Question

The lower window of a house is at height 2m above the ground and its upper window is 4m vertically above the lower window. At a certain instant, the angles of elevation of a balloon from these windows are observed to be \[{{60}^{\circ }}\] and \[{{30}^{\circ }}\] respectively. Find the height of the balloon above the ground.

Answer 1

Hint: Use the fact that the vertical line representing the windows and the balloon are perpendicular to the ground. Use values of tangent of \[{{30}^{\circ }}\] and \[{{60}^{\circ }}\] to relate the length of the base to the height of the balloon.

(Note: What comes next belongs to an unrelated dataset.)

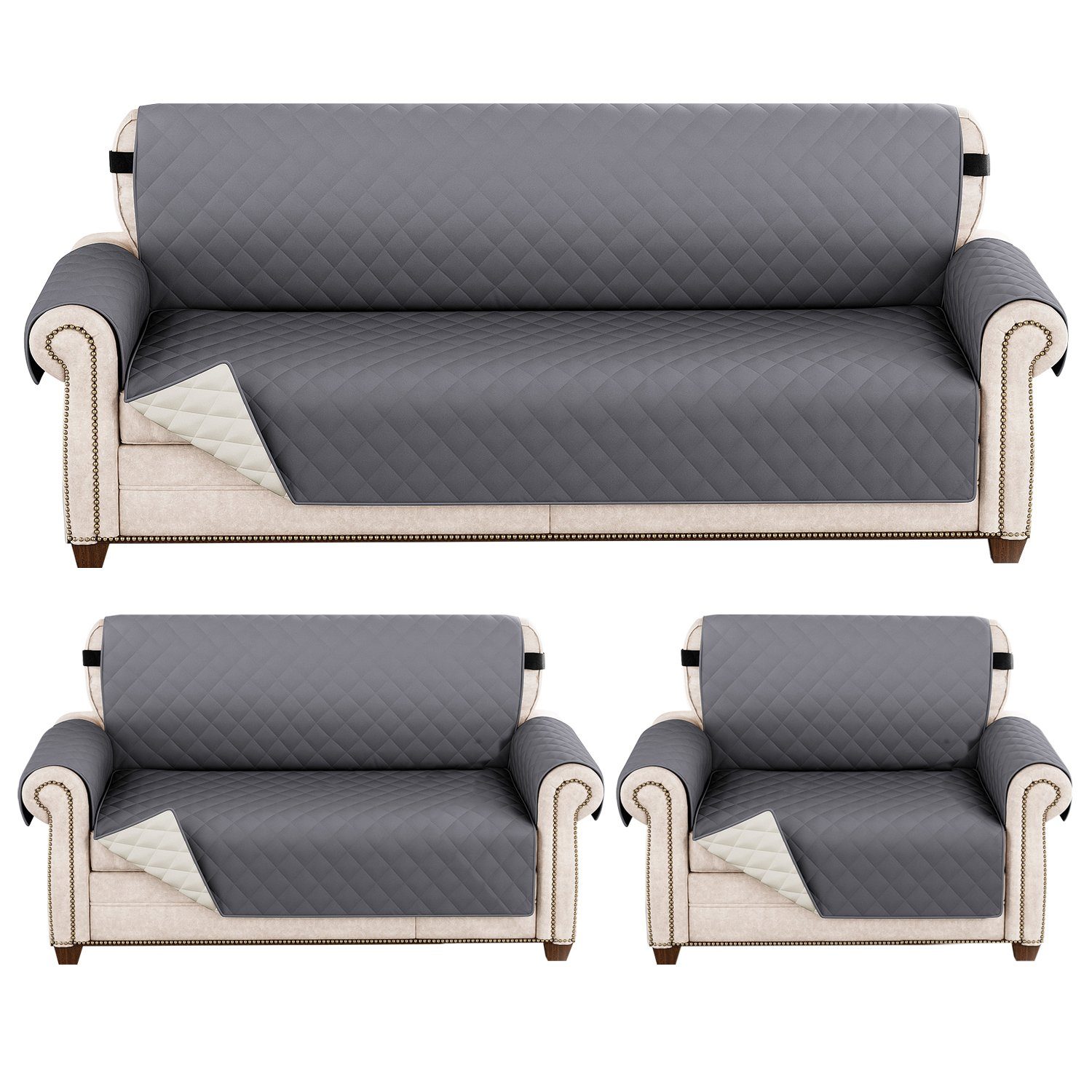 Sofahusse 1-3 Sitz, 3 Stück, Wasserabweisend, für Arm Sofa Haustiermatte, Rosnek, doppelseitig, mit elastischem Band Grau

Simplify the equations to calculate the height of the balloon.

Complete step-by-step answer:
We have two windows; one is at height 2m above the ground and the other is 4m above the lower window. We have a balloon in the air whose angle of elevation from the two windows is \[{{60}^{\circ }}\] and \[{{30}^{\circ }}\]. We have to calculate the height of the balloon above the ground.
Let’s assume that the base of ground is represented by line AB. The lower window is represented by BC and is of height 2m above the ground. The height of the upper window from the ground is represented by BD. The balloon is represented by AE and is x m above the ground. We have to calculate the value of x, as shown in the figure.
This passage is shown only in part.